I know why my doc carries a clipboard. It gives him something to hold on to while listening to me raving about voodoo curses, tropical diseases, decayed appendages, painful death from the outside in and the inside out, flesh-eating zombies; you know — the usual. So after a few minutes of ostensibly keen interest in my raving self-diagnosis and deep knowledge of accursed tropical hexes, a half-lidded stare and some white-knuckled clipboard gripping, he calmly informed me that I had a common cold and had gotten poison ivy from digging up Mrs. Blog’s shrubs. “Oops, hehe, well uh, never mind the whole zombie thing there, Doc. But it could happen, I’ll tell ya that.”

So I got various pills, unguents, nasal sprays and the like and pushed the zombie/death fear back into my subconscious, where it can live to fight against reason another day. One of the pills I had to take for the poison ivy is this prednisone stuff. It’s like some sort of steroid, and you have to take a bunch of it at first and then gradually lessen the dose. That stuff will make you nuts. Not like I need the help. I’m usually pretty mellow about everything, but this stuff made me really angry. I knew there had to be something wrong with me when I was standing in line to order a sandwich and was really pissed off at the people in front of me for talking and laughing. How dare they.

Bev accused me of ’Roid Rage. This pissed me off even further, because if I’m going to be a roid droid, I want to stomp around the office all sweaty with Mark McGwire guns, gnarly tattoos, six-pack abs and a Jay Leno jaw with a big wad of chew in it. Spit brown juice into all the trash cans at people’s desks. I want people to cross the street when they see me coming. Get some respect, know what I mean? Being really angry and skinny is like being the Scarecrow in the Wizard of Oz.

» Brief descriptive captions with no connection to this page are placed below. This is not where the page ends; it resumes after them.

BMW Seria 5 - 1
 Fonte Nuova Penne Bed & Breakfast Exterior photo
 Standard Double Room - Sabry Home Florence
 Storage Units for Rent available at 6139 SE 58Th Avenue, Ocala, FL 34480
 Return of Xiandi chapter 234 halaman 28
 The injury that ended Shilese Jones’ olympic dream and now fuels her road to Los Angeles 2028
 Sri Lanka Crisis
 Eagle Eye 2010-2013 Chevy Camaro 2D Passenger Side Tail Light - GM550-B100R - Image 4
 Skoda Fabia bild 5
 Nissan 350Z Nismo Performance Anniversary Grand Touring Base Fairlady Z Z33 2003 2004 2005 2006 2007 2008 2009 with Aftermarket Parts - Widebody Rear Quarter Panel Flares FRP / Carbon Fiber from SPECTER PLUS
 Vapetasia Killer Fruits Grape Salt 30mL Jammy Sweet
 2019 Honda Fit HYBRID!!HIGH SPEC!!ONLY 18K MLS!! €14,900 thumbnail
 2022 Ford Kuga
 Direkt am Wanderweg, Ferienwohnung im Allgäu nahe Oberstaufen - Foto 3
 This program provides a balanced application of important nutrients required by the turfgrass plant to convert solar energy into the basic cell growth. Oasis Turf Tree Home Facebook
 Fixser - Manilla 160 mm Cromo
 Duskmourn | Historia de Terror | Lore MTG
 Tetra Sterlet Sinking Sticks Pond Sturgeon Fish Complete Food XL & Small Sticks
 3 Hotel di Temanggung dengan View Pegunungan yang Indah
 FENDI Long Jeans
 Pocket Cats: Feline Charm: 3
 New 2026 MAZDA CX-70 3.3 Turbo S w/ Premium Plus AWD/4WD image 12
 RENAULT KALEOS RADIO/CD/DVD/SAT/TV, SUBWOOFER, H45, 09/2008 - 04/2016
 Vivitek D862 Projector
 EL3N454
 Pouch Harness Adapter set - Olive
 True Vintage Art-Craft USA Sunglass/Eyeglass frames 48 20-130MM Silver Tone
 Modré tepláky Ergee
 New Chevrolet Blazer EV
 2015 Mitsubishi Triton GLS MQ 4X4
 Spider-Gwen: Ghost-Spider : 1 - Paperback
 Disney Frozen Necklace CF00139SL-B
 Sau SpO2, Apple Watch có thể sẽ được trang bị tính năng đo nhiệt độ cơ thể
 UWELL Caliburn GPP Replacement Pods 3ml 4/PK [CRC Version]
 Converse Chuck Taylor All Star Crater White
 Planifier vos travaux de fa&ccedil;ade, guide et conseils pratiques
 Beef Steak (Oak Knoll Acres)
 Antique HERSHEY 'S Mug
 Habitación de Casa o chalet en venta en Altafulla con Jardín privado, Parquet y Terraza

And we all know what those flying monkeys did to that poor little dude.

So what I’m going to do is go dig up a bunch more shrubs and get another gnarly case of poison ivy, go see the doc and get a bunch more of those pills. Then I’m gonna take ’em all the day before the next ESA contest and show up on the beach like some demented pro wrestler, flexing my deltoids and shouting incoherent slogans about the weather and tax rebates. I’ll never be able to out-surf Rick Anson, but I could damn sure chew the fins off his boards in the parking lot.